These documents describe both how the IEFT creates standards, but also  
how the entire community itself is set up and how it behaves.
	The IETF is the least bureaucratic of all the organizations mentioned  
in this chapter. In fact it is not an organization at all, but rather  
an informal community. It does not have strict bylaws or formal  
officers.  It is not a corporation (nonprofit or otherwise) and thus  
has no Board of Directors. It has no binding power as a standards  
creation body and is not ratified by any treaty or charter. It has no  
membership, and its meetings are open to anyone. “Membership” in the  
IETF is simply evaluated through an individual’s participation. If you  
participate via email, or attend meetings, you are a member of the  
IETF. All participants operate as unaffiliated individuals, not as  
representatives of other organizations or vendors.

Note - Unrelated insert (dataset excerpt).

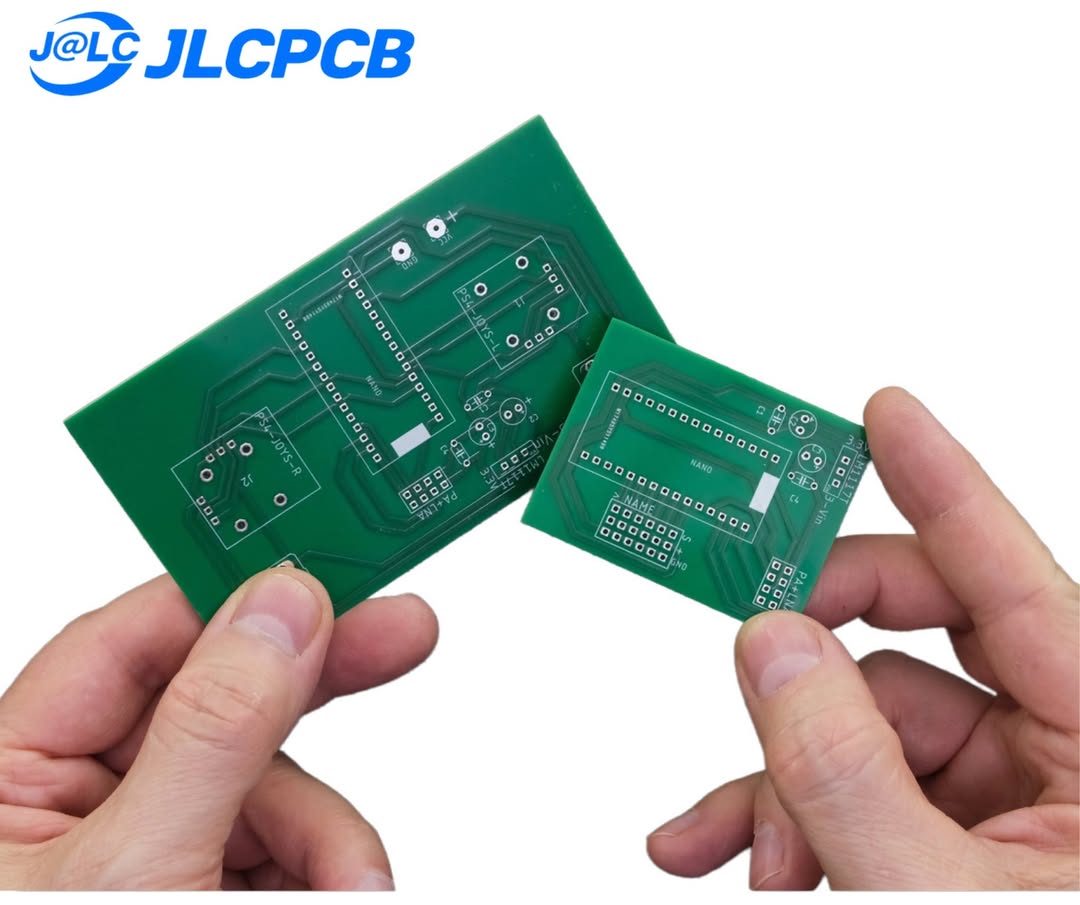 JLCPCB_ES's tweet photo. ✈️ Avión RC de ala volante DIY

Hecho con materiales sencillos, vuelo estable y un control remoto personalizado con mezcla de V-tail.

Las PCBs del transmisor y receptor fabricadas por JLCPCB

#avionrc #mecatronica #circuitos #electrónica #jlcpcb #proyectodiy https://t.co/PPnfztn69g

	The IETF is divided up by topic into various Working Groups. Each  
Working Group[26] focuses on a particular issue or issues and drafts  
documents that are meant to capture the consensus of the group. Like  
the other standards bodies, IETF protocols are voluntary standards.  
There is no technical or legal requirement[27] that anyone actually  
adopt IETF protocols.
     The process of establishing an Internet Standard is gradual,  
deliberate, and negotiated. Any protocol produced by the IETF goes  
through a series of stages, called the “standards track.” The standards  
track exposes the document to extensive peer review, allowing it to  
mature into an RFC memo and eventually an Internet Standard. “The  
process of creating an Internet Standard is straightforward,” they  
write. “A specification undergoes a period of development and several  
iterations of review by the Internet community and revision based upon  
experience, is adopted as a Standard by the appropriate body [...], and  
is published.”[28]
	Preliminary versions of specifications are solicited by the IETF as  
Internet-Draft documents. Anyone may submit an Internet-Draft. They are  
not standards in any way and should not be cited as such nor  
implemented by any vendors. They are works in progress and are subject  
to review and revision. If they are deemed uninteresting or  
unnecessary, they simply disappear after their expiration date of six  
months. They are not RFCs and receive no number.

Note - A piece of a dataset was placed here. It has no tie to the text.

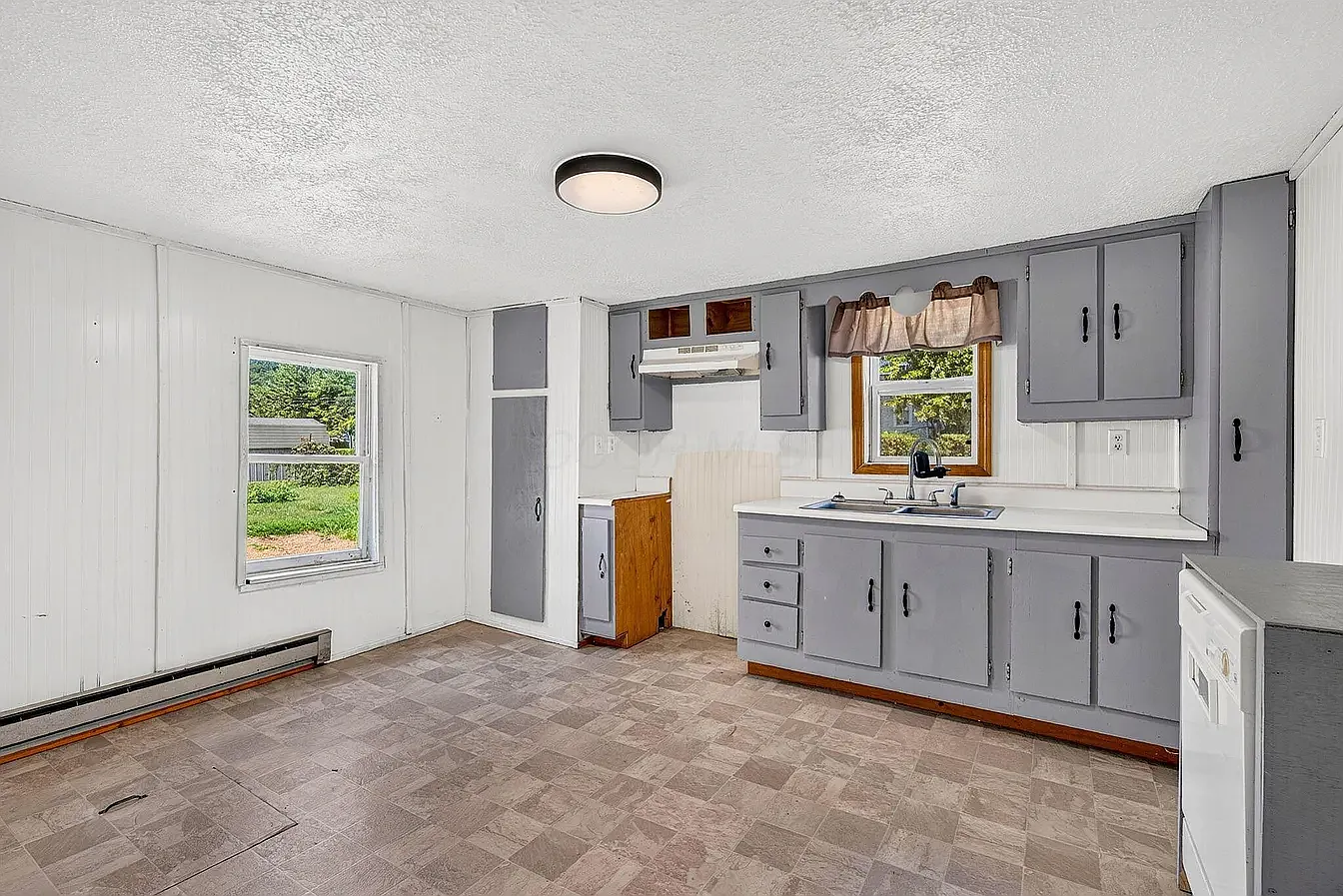 2 bed, 912 sqft, $1,250 — Photo 3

	If an Internet-Draft survives the necessary revisions and is deemed  
important, it is shown to the IESG and nominated for the standards  
track. If the IESG agrees (and the IAB approves), then the  
specification is handed off to the RFC Editor and put in the queue for  
future publication. The actual stages in the standards track are:
 
1)  Proposed Standard—The formal entry point for all specifications is  
here as a Proposed Standard. This is the beginning of the RFC process.  
The IESG has authority via the RFC Editor to elevate an Internet-Draft  
to this level. While no prior real world implementation is required of  
a Proposed Standard, these specifications are generally expected to be  
fully-formulated and implementable.
2)  Draft Standard—After specifications have been implemented in at  
least two “independent and interoperable” real world applications they  
can be elevated to the level of a Draft Standard. A specification at  
the Draft Standard level must be relatively stable and easy to  
understand. While subtle revisions are normal for Draft Standards, no  
substantive changes are expected after this level.
3)  Standard—Robust specifications with wide implementation and a  
proven track record are elevated to the level of Standard. They are  
considered to be official Internet Standards and are given a new number  
in the “STD” sub-series of the RFCs (but also retain their RFC number).  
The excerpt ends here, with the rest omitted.